Outcome Mapping (OM) is branded as a new paradigm in the evaluation of international development cooperation - one that offers a structured methodology for planning, monitoring and evaluation, and focuses on the outcomes of development interventions. OM provides a set of learning tools that encourage development actors to develop and monitor their strategies for enabling change in a systematic and rigorous fashion. It is grounded in an understanding of development as a complex and non-linear process that involves multiple actors, some of whom work for, and some who work against change.

Practically, OM represents a move away from the measurement of attribution of change to particular interventions organiations, and towards the measurement of the contribution that an intervention or organiation makes to a given change. Undertaken correctly, OM is a process that moves away from measuring impacts towards assessing outcomes. Outcomes are defined as changes in the behaviour, relationships, activities, or actions of the people, groups, and organisations with whom a program works directly.These people, groups or organsiations are termed boundary partners.

From the OM perspective, this focus is justified because of the many problems that practitioners are beset with when attempting to measure impact. These are rooted in the assumption, in impact-based methods, of a simple cause and effect, when development cooperation is in fact an open and complex system. For example, impact evaluation focuses on intended positive results, and frequently ignore the unexpected, and the negative results which can also occur focuses on ultimate effects; impact evaluation focuses on ultimate effects, when upstream effects are also of importance; impact evaluation credits a single contributor, when multiple actors create results and need credit; and finally, impact evaluation ends when the programme obtains success, whereas in reality, complex change processes never truly come to an end.

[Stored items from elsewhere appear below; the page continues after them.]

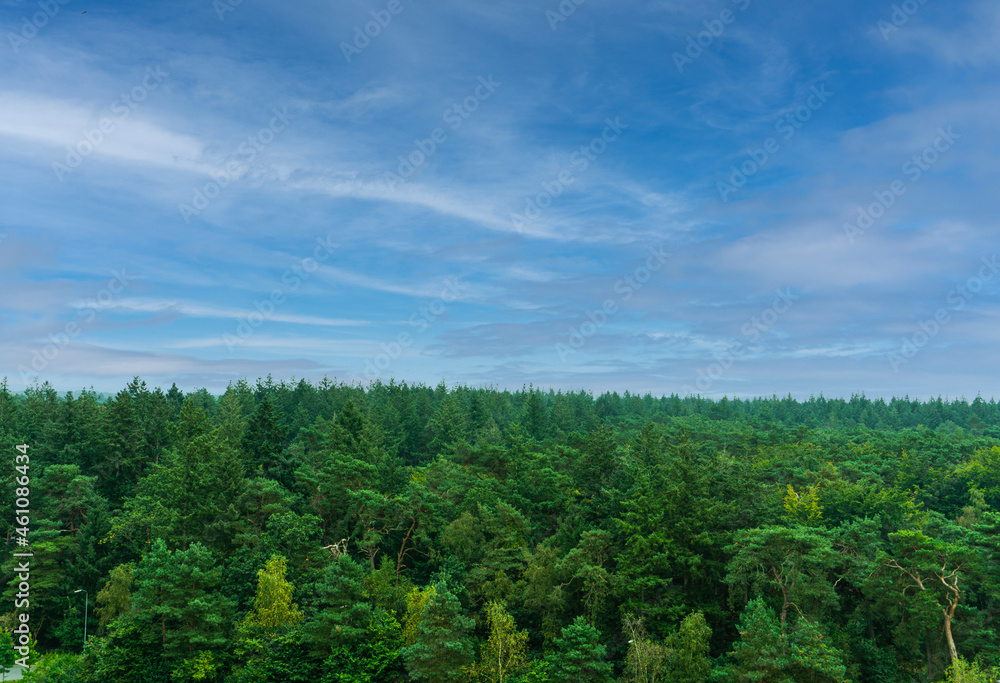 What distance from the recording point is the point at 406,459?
313 feet

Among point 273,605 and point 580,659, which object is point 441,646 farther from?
point 273,605

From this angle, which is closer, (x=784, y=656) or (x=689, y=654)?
(x=784, y=656)

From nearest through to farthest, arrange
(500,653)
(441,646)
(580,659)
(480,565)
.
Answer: (580,659) → (441,646) → (500,653) → (480,565)

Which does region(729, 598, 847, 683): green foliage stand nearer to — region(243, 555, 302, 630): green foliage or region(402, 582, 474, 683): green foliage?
region(402, 582, 474, 683): green foliage

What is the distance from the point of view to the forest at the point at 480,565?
3600 centimetres

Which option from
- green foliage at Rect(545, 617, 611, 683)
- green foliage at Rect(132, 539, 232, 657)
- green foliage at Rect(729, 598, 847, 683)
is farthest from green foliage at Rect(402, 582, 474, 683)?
green foliage at Rect(729, 598, 847, 683)

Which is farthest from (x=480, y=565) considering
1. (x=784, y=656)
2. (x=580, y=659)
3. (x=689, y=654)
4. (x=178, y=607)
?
(x=784, y=656)

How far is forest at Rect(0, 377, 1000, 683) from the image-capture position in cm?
3600

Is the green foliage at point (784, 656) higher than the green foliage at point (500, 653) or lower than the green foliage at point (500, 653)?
higher

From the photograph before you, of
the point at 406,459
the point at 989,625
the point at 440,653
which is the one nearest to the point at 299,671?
the point at 440,653

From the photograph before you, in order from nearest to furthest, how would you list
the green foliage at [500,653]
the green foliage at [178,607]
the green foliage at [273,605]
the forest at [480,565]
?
1. the forest at [480,565]
2. the green foliage at [500,653]
3. the green foliage at [178,607]
4. the green foliage at [273,605]

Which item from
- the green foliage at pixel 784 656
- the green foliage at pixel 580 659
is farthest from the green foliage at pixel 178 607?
the green foliage at pixel 784 656

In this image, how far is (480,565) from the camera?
A: 46.6 m

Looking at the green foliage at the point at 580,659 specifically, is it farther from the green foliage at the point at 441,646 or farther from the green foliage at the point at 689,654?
the green foliage at the point at 441,646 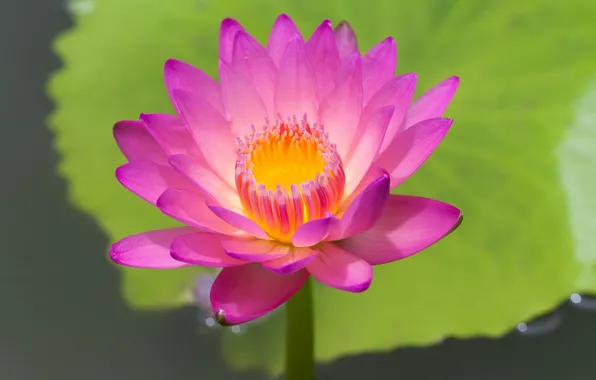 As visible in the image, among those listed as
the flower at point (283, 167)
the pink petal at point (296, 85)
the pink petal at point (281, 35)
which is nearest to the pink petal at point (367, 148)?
the flower at point (283, 167)

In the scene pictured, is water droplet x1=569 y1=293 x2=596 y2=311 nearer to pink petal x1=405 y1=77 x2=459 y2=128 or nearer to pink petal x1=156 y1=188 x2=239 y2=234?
pink petal x1=405 y1=77 x2=459 y2=128

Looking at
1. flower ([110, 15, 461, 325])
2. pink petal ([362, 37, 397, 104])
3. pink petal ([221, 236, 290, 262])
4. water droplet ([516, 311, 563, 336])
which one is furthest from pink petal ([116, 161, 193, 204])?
water droplet ([516, 311, 563, 336])

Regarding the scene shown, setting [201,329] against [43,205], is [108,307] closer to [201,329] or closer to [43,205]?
[201,329]

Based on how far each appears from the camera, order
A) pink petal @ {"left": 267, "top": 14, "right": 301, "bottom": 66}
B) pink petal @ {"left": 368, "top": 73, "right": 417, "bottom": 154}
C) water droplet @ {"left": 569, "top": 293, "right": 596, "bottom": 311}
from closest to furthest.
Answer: pink petal @ {"left": 368, "top": 73, "right": 417, "bottom": 154}, pink petal @ {"left": 267, "top": 14, "right": 301, "bottom": 66}, water droplet @ {"left": 569, "top": 293, "right": 596, "bottom": 311}

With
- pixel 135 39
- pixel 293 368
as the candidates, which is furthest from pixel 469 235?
pixel 135 39

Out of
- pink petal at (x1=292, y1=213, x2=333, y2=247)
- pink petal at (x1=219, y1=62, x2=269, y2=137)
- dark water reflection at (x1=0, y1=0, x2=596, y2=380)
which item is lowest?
dark water reflection at (x1=0, y1=0, x2=596, y2=380)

OM focuses on the systematic application of knowledge and learning principles, which means that addressing and measuring the contribution to change is crucial. The rationale is as follows: if actors know how they have each contributed to a particular change, they can work better together and focus their efforts on what they do best. If, however, they focus on attributing a particular change to themselves, they risk duplicating efforts and failing to coordinate their work.

Much like the ODI's RAPID approach, then, OM is has at its core a systematic learning process, one that begins with effective planning.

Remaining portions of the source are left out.